* [Record excerpts]:
┌──
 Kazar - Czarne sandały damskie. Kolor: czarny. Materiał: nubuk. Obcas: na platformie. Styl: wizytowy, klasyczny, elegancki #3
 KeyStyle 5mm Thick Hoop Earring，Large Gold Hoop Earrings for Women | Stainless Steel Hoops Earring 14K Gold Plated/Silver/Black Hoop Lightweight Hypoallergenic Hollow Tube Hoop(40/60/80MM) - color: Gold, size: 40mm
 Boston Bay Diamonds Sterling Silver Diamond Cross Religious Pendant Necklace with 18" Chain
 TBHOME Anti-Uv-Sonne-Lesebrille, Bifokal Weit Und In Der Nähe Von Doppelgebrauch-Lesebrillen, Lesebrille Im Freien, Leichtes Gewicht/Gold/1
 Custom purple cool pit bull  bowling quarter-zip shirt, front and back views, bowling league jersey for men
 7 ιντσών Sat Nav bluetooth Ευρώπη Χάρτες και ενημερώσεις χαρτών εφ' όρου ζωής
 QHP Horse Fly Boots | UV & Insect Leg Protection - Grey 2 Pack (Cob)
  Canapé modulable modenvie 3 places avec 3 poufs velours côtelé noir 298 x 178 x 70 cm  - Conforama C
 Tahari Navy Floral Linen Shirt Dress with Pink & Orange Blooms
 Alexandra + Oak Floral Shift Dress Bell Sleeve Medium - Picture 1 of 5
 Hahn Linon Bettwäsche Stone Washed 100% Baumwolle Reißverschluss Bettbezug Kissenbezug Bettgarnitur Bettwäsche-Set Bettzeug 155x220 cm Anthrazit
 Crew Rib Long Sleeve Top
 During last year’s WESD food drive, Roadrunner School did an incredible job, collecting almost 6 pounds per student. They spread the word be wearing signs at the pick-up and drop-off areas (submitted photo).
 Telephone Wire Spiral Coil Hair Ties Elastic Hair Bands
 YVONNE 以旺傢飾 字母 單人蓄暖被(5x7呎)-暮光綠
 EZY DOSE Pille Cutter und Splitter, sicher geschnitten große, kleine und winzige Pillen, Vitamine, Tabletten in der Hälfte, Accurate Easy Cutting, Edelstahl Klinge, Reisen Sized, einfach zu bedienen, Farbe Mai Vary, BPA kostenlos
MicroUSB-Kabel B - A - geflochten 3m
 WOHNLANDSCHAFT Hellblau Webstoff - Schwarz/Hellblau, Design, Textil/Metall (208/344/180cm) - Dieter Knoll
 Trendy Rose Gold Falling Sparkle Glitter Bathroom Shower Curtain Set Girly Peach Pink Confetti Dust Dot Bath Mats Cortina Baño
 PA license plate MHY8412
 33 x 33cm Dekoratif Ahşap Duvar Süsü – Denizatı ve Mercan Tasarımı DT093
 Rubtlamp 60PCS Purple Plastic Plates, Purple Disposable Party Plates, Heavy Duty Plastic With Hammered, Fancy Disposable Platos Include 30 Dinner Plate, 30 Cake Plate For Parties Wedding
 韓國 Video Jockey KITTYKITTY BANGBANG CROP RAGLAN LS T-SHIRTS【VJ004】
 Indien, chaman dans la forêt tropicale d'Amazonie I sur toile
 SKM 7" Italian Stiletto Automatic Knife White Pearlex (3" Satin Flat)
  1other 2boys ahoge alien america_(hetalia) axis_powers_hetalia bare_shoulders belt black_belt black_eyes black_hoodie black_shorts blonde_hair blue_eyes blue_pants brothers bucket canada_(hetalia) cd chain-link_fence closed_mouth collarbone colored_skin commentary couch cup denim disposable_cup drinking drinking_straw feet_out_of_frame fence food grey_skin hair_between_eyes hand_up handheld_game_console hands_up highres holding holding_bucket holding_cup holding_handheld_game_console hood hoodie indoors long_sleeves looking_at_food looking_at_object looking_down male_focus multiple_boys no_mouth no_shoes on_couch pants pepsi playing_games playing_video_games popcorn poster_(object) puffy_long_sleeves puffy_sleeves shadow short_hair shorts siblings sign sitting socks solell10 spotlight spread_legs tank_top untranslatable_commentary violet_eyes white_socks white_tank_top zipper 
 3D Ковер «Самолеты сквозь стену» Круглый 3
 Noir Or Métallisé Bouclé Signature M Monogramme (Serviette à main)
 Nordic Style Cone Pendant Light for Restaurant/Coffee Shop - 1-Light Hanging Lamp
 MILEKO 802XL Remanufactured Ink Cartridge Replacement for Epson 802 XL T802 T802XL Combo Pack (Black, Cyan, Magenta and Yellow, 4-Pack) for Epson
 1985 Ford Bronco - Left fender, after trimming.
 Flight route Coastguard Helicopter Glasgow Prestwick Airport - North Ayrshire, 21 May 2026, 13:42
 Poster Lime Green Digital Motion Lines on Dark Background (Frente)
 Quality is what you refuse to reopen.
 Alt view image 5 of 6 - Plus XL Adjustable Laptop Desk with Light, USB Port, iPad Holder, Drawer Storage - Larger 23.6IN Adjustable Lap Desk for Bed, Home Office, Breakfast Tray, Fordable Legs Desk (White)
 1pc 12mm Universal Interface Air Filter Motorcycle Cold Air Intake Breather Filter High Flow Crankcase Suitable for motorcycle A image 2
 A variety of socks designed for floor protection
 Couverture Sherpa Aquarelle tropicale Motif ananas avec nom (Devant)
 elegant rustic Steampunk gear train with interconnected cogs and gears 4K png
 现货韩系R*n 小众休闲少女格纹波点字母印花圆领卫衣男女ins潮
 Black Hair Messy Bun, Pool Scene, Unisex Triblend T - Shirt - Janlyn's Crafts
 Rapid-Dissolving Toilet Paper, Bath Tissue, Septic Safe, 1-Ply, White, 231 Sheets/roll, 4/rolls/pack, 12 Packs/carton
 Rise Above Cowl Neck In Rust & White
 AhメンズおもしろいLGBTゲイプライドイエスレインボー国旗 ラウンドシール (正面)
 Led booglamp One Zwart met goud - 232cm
└──
Send back each record exactly, and include them all.

 Kazar - Czarne sandały damskie. Kolor: czarny. Materiał: nubuk. Obcas: na platformie. Styl: wizytowy, klasyczny, elegancki #3
 KeyStyle 5mm Thick Hoop Earring，Large Gold Hoop Earrings for Women | Stainless Steel Hoops Earring 14K Gold Plated/Silver/Black Hoop Lightweight Hypoallergenic Hollow Tube Hoop(40/60/80MM) - color: Gold, size: 40mm
 Boston Bay Diamonds Sterling Silver Diamond Cross Religious Pendant Necklace with 18" Chain
 TBHOME Anti-Uv-Sonne-Lesebrille, Bifokal Weit Und In Der Nähe Von Doppelgebrauch-Lesebrillen, Lesebrille Im Freien, Leichtes Gewicht/Gold/1
 Custom purple cool pit bull  bowling quarter-zip shirt, front and back views, bowling league jersey for men
 7 ιντσών Sat Nav bluetooth Ευρώπη Χάρτες και ενημερώσεις χαρτών εφ' όρου ζωής
 QHP Horse Fly Boots | UV & Insect Leg Protection - Grey 2 Pack (Cob)
  Canapé modulable modenvie 3 places avec 3 poufs velours côtelé noir 298 x 178 x 70 cm  - Conforama C
 Tahari Navy Floral Linen Shirt Dress with Pink & Orange Blooms
 Alexandra + Oak Floral Shift Dress Bell Sleeve Medium - Picture 1 of 5
 Hahn Linon Bettwäsche Stone Washed 100% Baumwolle Reißverschluss Bettbezug Kissenbezug Bettgarnitur Bettwäsche-Set Bettzeug 155x220 cm Anthrazit
 Crew Rib Long Sleeve Top
 During last year’s WESD food drive, Roadrunner School did an incredible job, collecting almost 6 pounds per student. They spread the word be wearing signs at the pick-up and drop-off areas (submitted photo).
 Telephone Wire Spiral Coil Hair Ties Elastic Hair Bands
 YVONNE 以旺傢飾 字母 單人蓄暖被(5x7呎)-暮光綠
 EZY DOSE Pille Cutter und Splitter, sicher geschnitten große, kleine und winzige Pillen, Vitamine, Tabletten in der Hälfte, Accurate Easy Cutting, Edelstahl Klinge, Reisen Sized, einfach zu bedienen, Farbe Mai Vary, BPA kostenlos
MicroUSB-Kabel B - A - geflochten 3m
 WOHNLANDSCHAFT Hellblau Webstoff - Schwarz/Hellblau, Design, Textil/Metall (208/344/180cm) - Dieter Knoll
 Trendy Rose Gold Falling Sparkle Glitter Bathroom Shower Curtain Set Girly Peach Pink Confetti Dust Dot Bath Mats Cortina Baño
 PA license plate MHY8412
 33 x 33cm Dekoratif Ahşap Duvar Süsü – Denizatı ve Mercan Tasarımı DT093
 Rubtlamp 60PCS Purple Plastic Plates, Purple Disposable Party Plates, Heavy Duty Plastic With Hammered, Fancy Disposable Platos Include 30 Dinner Plate, 30 Cake Plate For Parties Wedding
 韓國 Video Jockey KITTYKITTY BANGBANG CROP RAGLAN LS T-SHIRTS【VJ004】
 Indien, chaman dans la forêt tropicale d'Amazonie I sur toile
 SKM 7" Italian Stiletto Automatic Knife White Pearlex (3" Satin Flat)
  1other 2boys ahoge alien america_(hetalia) axis_powers_hetalia bare_shoulders belt black_belt black_eyes black_hoodie black_shorts blonde_hair blue_eyes blue_pants brothers bucket canada_(hetalia) cd chain-link_fence closed_mouth collarbone colored_skin commentary couch cup denim disposable_cup drinking drinking_straw feet_out_of_frame fence food grey_skin hair_between_eyes hand_up handheld_game_console hands_up highres holding holding_bucket holding_cup holding_handheld_game_console hood hoodie indoors long_sleeves looking_at_food looking_at_object looking_down male_focus multiple_boys no_mouth no_shoes on_couch pants pepsi playing_games playing_video_games popcorn poster_(object) puffy_long_sleeves puffy_sleeves shadow short_hair shorts siblings sign sitting socks solell10 spotlight spread_legs tank_top untranslatable_commentary violet_eyes white_socks white_tank_top zipper 
 3D Ковер «Самолеты сквозь стену» Круглый 3
 Noir Or Métallisé Bouclé Signature M Monogramme (Serviette à main)
 Nordic Style Cone Pendant Light for Restaurant/Coffee Shop - 1-Light Hanging Lamp
 MILEKO 802XL Remanufactured Ink Cartridge Replacement for Epson 802 XL T802 T802XL Combo Pack (Black, Cyan, Magenta and Yellow, 4-Pack) for Epson
 1985 Ford Bronco - Left fender, after trimming.
 Flight route Coastguard Helicopter Glasgow Prestwick Airport - North Ayrshire, 21 May 2026, 13:42
 Poster Lime Green Digital Motion Lines on Dark Background (Frente)
 Quality is what you refuse to reopen.
 Alt view image 5 of 6 - Plus XL Adjustable Laptop Desk with Light, USB Port, iPad Holder, Drawer Storage - Larger 23.6IN Adjustable Lap Desk for Bed, Home Office, Breakfast Tray, Fordable Legs Desk (White)
 1pc 12mm Universal Interface Air Filter Motorcycle Cold Air Intake Breather Filter High Flow Crankcase Suitable for motorcycle A image 2
 A variety of socks designed for floor protection
 Couverture Sherpa Aquarelle tropicale Motif ananas avec nom (Devant)
 elegant rustic Steampunk gear train with interconnected cogs and gears 4K png
 现货韩系R*n 小众休闲少女格纹波点字母印花圆领卫衣男女ins潮
 Black Hair Messy Bun, Pool Scene, Unisex Triblend T - Shirt - Janlyn's Crafts
 Rapid-Dissolving Toilet Paper, Bath Tissue, Septic Safe, 1-Ply, White, 231 Sheets/roll, 4/rolls/pack, 12 Packs/carton
 Rise Above Cowl Neck In Rust & White
 AhメンズおもしろいLGBTゲイプライドイエスレインボー国旗 ラウンドシール (正面)
 Led booglamp One Zwart met goud - 232cm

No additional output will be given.